Increasing numbers of southeast Asian men, particularly in Japan, South Korea and Taiwan are marrying foreigners because fewer women in their homelands are willing to wed, a new study said yesterday.
The phenomenon, which dates back more than a decade, has even created a detectable trend in women’s migration, said the study by Daniele Belanger of the University of Western Ontario.
LOOKING ABROAD
“Since the beginning of the 1990s, more and more men in Southeast Asia are looking abroad to find a wife,” wrote Belanger in Population and Societies, the journal of France’s National Institute for Demographic Studies.
In Taiwan, 15 percent of wives were of foreign origin last year and 8 percent in South Korea.
In Japan, the phenomenon started earlier, in the 1980s, but has remained at a modest level: Only 5 or 6 percent of marriages in the mid-2000s involved foreign wives.
NEW TREND
But in all three places, foreign brides represented the largest group of new immigrants apart from the temporary workers, Belanger wrote. And the reason the men went looking abroad was the lack of women at home, she added.

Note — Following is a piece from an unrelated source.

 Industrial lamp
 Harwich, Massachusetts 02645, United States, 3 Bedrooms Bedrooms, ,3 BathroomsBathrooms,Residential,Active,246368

With women’s education levels rising so was their representation in the workplace, she said.
SOCIETAL CHANGES
Increasing numbers of women were not willing to settle for the traditional role of a wife — at least as it exists in its current form. They preferred to keep their jobs and stay single.
For men, however, “they have the responsibility to continue the paternal line by giving birth to a son and, in many cases, looking after their aged parents,” Belanger wrote.
They could not therefore remain bachelors.
The foreign brides generally came from China and Vietnam, and if at first this kind of marriage was more common among the rural poor, it subsequently spread to the urban middle classes.
There were even marriage agencies specializing in this sector, charging the man’s family between 5,000 (US$6,500) and 10,000 euros.
Some observers have expressed fears that some of the brides involved are victims of trafficking.
However, “The great majority of migrant women marry of their own accord and not under parental pressure, and their objective is both to marry and to migrate,” Belanger wrote.